Le festival du Sucre, un Nuits sonores d’hiver ?
Le lancement du festival du Sucre en décembre prochain - qui recevra entre autres Marcel Dettmann, Laurent Garnier, JASSS ou encore Mézigue - a pu laisser dubitatif : pourquoi le Sucre a-t-il décidé de créer un festival en parallèle de Nuits sonores ?
“C’est un festival de quartier”, défend Pierre Zeimet. Le programmateur du club affirme “mettre en avant la scène locale”, avec un circuit tout au long des 5 jours de festival dans plusieurs lieux du quartier de la Confluence, qui a vu naître le Sucre, comme le Sonic ou le Périscope.

Le club a aussi prévu de faire revivre les formats emblématiques de son histoire, à l’image de la roller disco. Pierre Zeimet se souvient de cette soirée mémorable où le producteur canadien Caribou enflammait la piste de roller, pendant que Floating Points était aux platines. Cette année, c’est une variante “Acid on Ice” qui prendra place à la patinoire Charlemagne, en présence de Fasme, figure montante de la scène acid, en b2b avec Binary Digit.

Au final, après avoir ancré l’univers de Nuits sonores dans un lieu pérenne, Arty Farty fait désormais le chemin inverse, en délocalisant “l’état d’esprit” du Sucre. Une démarche qui anticiperait sans doute l’avenir de la club culture, dans un contexte de difficultés financières majeures dans le monde de la nuit.

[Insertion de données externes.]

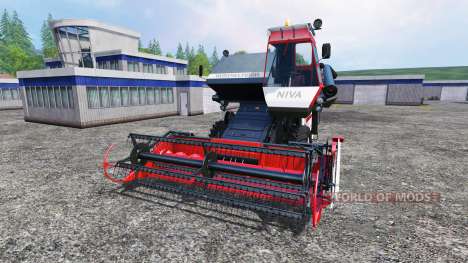 SC-MA-1 Niva-Efeito para Farming Simulator 2015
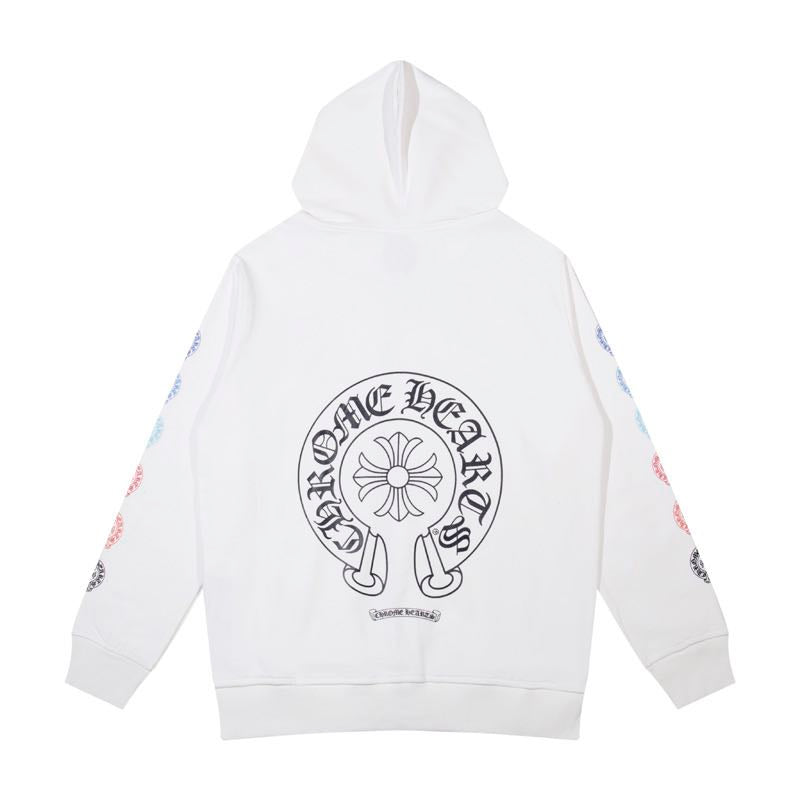 CHROME HEARTS HOODIE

“On ne sait pas de quoi l'avenir sera fait… confie Cédric Dujardin. Peut-être qu’il y aura à l’avenir une forme de difficulté à avoir un lieu en propre. Et qu’il faudra qu'on véhicule l'image du Sucre au-delà de son rooftop” Plus que jamais, l’association se place à l’avant-garde de la scène club française, et le premier festival du Sucre ne saurait y échapper.